Data under study
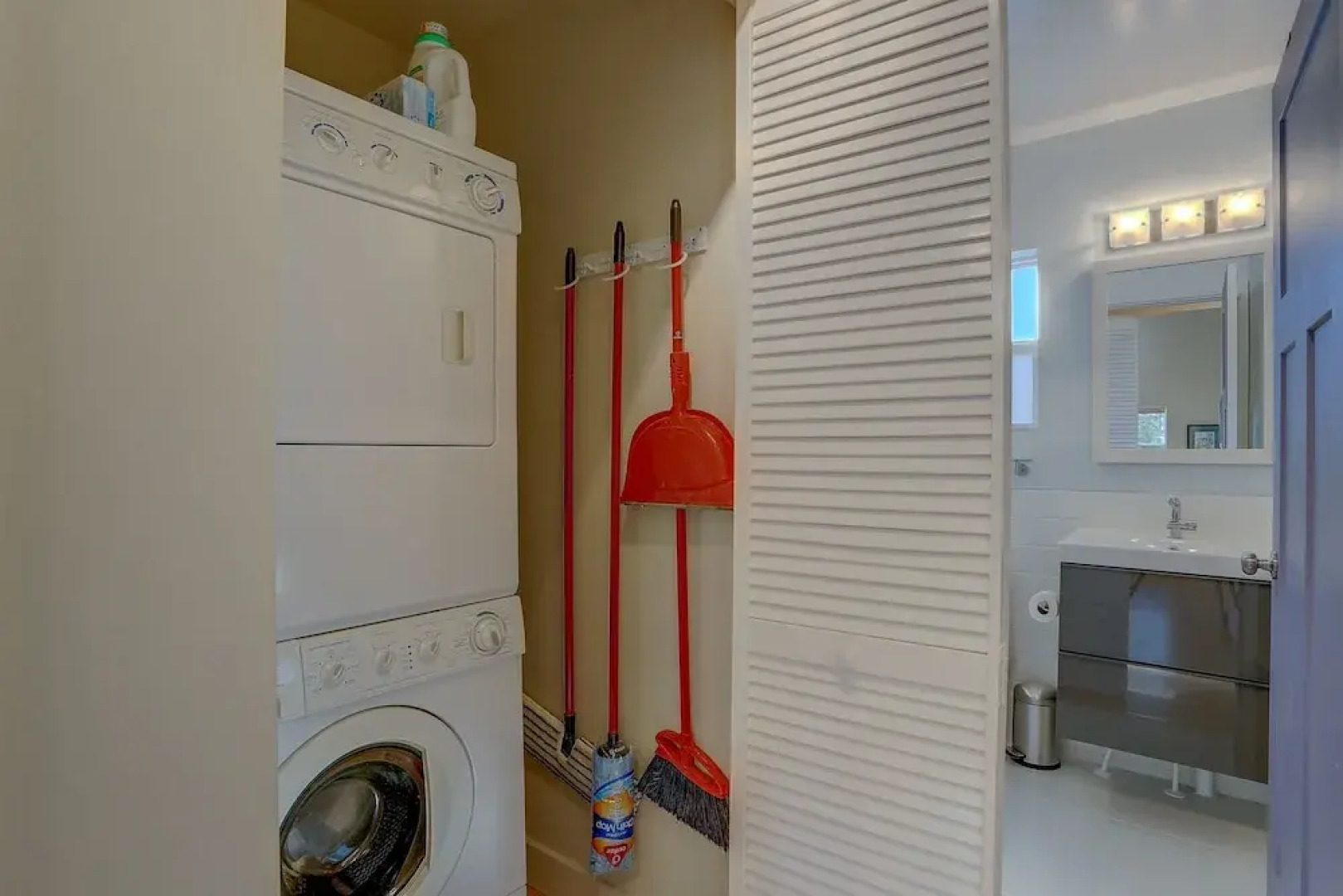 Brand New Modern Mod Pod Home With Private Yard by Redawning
==
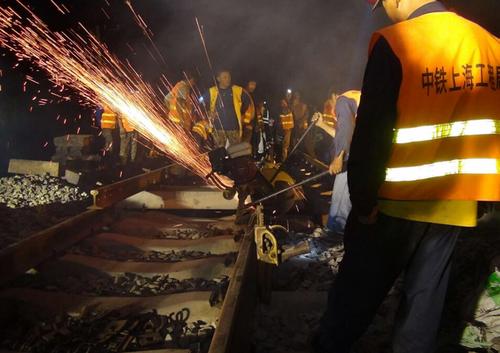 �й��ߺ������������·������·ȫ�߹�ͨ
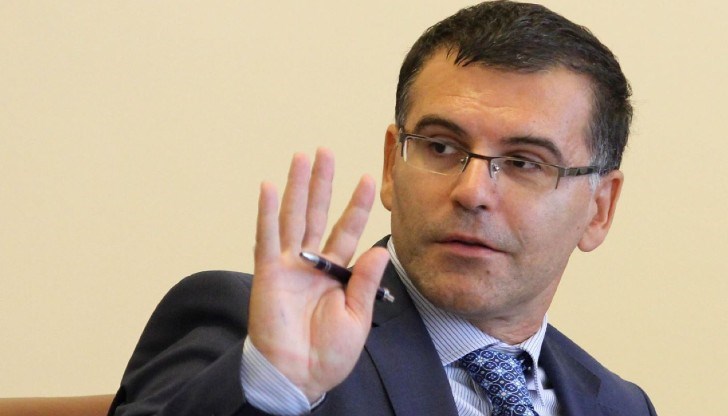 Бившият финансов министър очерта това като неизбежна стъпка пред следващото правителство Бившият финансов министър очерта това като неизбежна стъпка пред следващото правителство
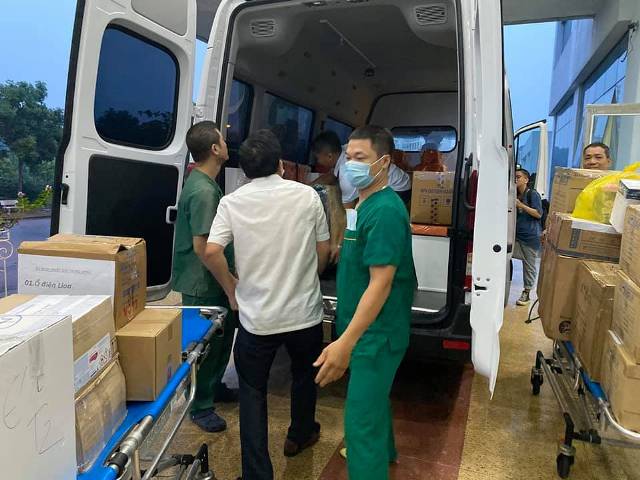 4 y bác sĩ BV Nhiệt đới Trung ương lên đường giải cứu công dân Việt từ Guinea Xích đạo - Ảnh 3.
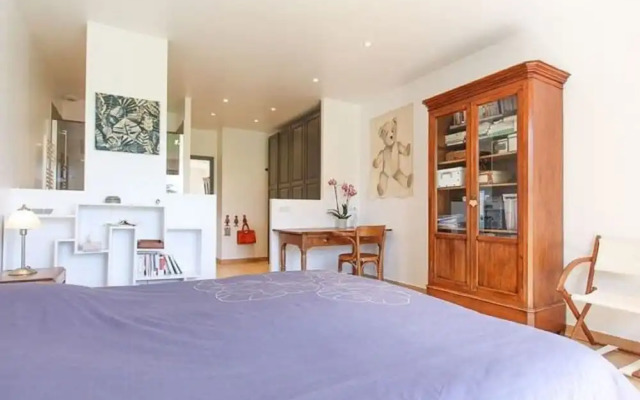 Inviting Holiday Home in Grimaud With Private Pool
--
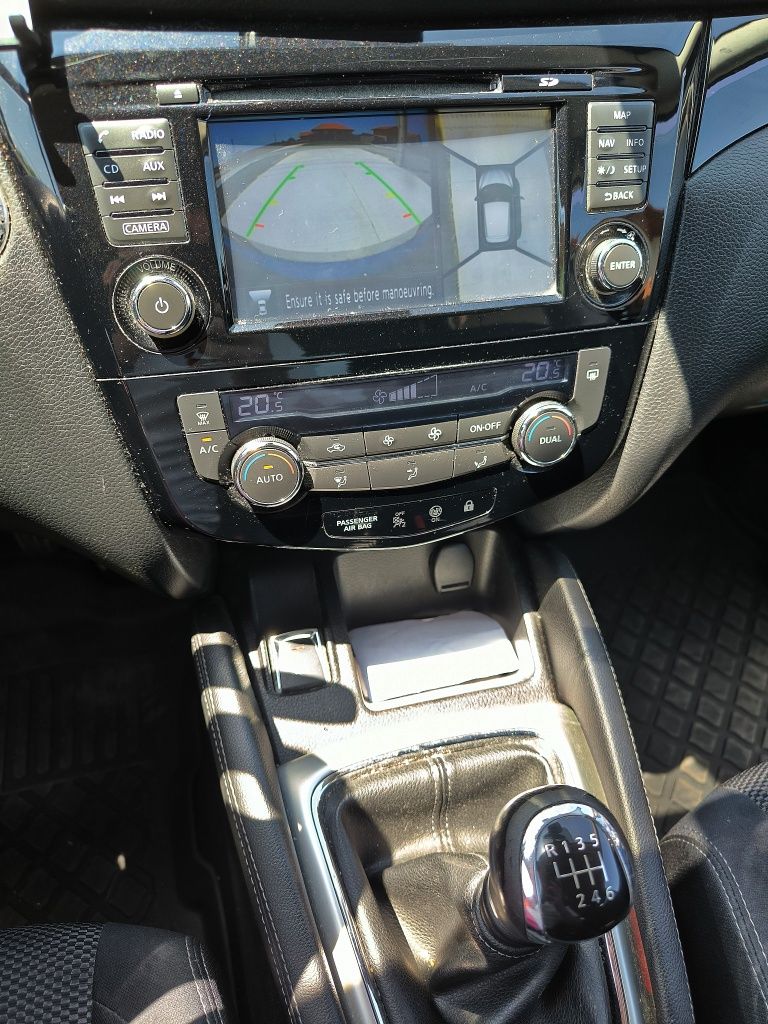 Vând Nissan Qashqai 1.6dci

Work required
Your answer must be everything above from the line with "следващото правителство Бившият" down to the line with "Inviting Holiday Home", word for word, and no pictures.

The answer
 Бившият финансов министър очерта това като неизбежна стъпка пред следващото правителство Бившият финансов министър очерта това като неизбежна стъпка пред следващото правителство
 4 y bác sĩ BV Nhiệt đới Trung ương lên đường giải cứu công dân Việt từ Guinea Xích đạo - Ảnh 3.
 Inviting Holiday Home in Grimaud With Private Pool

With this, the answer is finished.